PMCID: PMC5980931  PMID: 29479997

Abstract

Background:

Copper transporter 1 (CTR1) is a critical determinant of the uptake and cytotoxic effect of the platinum drugs carboplatin and cisplatin. Thymidylate synthase (TS) is an enzyme involved in DNA synthesis and is associated with resistance of tumor cells to 5-fluorouracil. We investigated the correlation between CTR1 and TS expression levels and treatment outcomes in patients with advanced non-small-cell lung cancer (NSCLC) treated with S-1/carboplatin doublet chemotherapy.

Methods:

Twenty-nine patients were enrolled in this study. Tumor expression of CTR1 and TS was measured immunohistochemically and analyzed for correlation with tumor response, progression-free survival (PFS), and overall survival (OS).

Results:

Tumor response was significantly better in patients with CTR1High tumors than in patients with CTR1Low tumors (64% vs. 18%, P = 0.02). Patients with TSLow tumors had a significantly longer OS (median 21.2 vs. 8.5 months, P = 0.02), but not PFS, than patients with TSHigh tumors. When CTR1 and TS co-expression was analyzed, patients with either CTR1High or TSLow tumors showed a significantly better tumor response (50% vs. 0%, P = 0.01), longer PFS (median 4.2 vs. 2.1 months, P = 0.03), and longer OS (median 21.2 vs. 8.5 months, P = 0.01) than patients with both CTR1Low and TSHigh tumors.

Conclusions:

Our study suggests that combined CTR1/TS expression status has the potential to be an important predictor of good treatment outcomes in patients with advanced NSCLC treated with S-1/carboplatin doublet chemotherapy.

Keywords: Copper transporter 1, thymidylate synthase-non-small cell lung cancer, S-1, carboplatin

Introduction

Lung cancer is one of the most common cancers worldwide and is a major cause of cancer-related death (Torre et al., 2015). Non-small cell lung cancer (NSCLC) accounts for approximately 80% of all lung cancer cases. Platinum-based doublet chemotherapy is the standard first-line treatment for advanced NSCLC and shows response rates of approximately 20–40% and a median survival of 8–10 months (Grossi et al., 2007).

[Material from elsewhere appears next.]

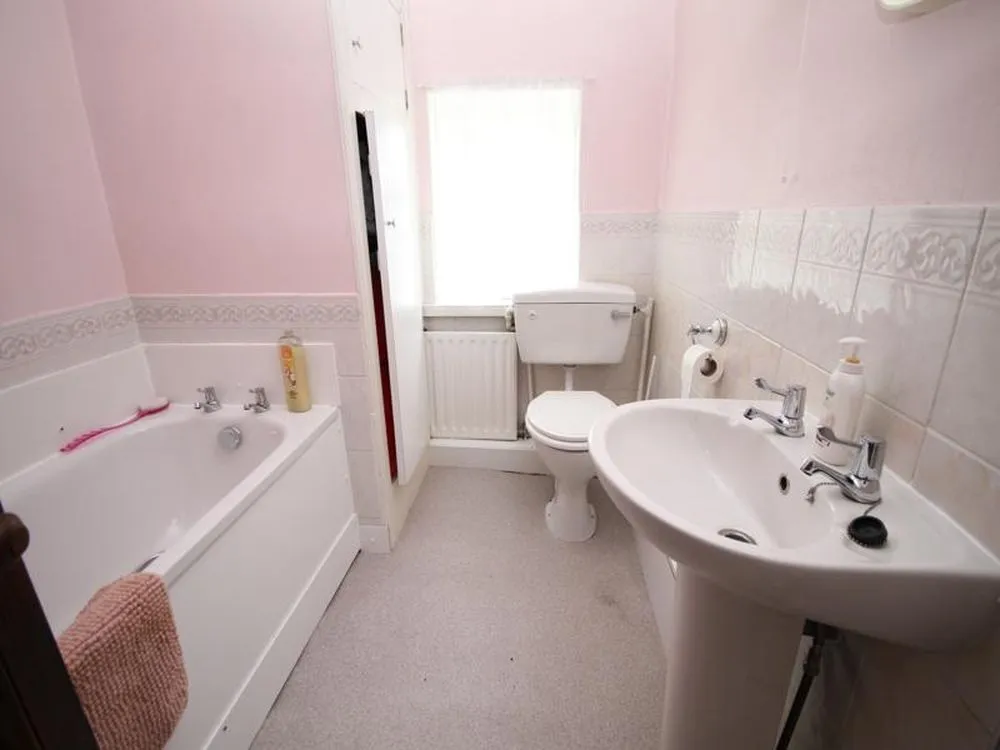 40, Westfield Lane Idle, Bradford, BD10 8PY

S-1 is an oral fluoropyrimidine agent that consists of tegafur, 5-chloro-2,4-dihydroxypyridine (CDHP), and potassium oxonate (Shirasaka et al., 1996; Malet-Martino and Martino, 2002). Tegafur is a prodrug of fluorouracil (5-FU), and CDHP is an inhibitor of dihydropyrimidine dehydrogenase, an enzyme involved in the degradation of 5-FU. Thus, CDHP allows 5-FU to be maintained at higher levels in the plasma and tumor tissue than when 5-FU is intravenously infused. S-1 is active against a wide range of solid tumors, including NSCLC. Although many treatment options are available for patients with advanced NSCLC, S-1–containing regimens offer several potential clinical benefits, such as oral administration and well-tolerated toxicity (Takeda, 2013).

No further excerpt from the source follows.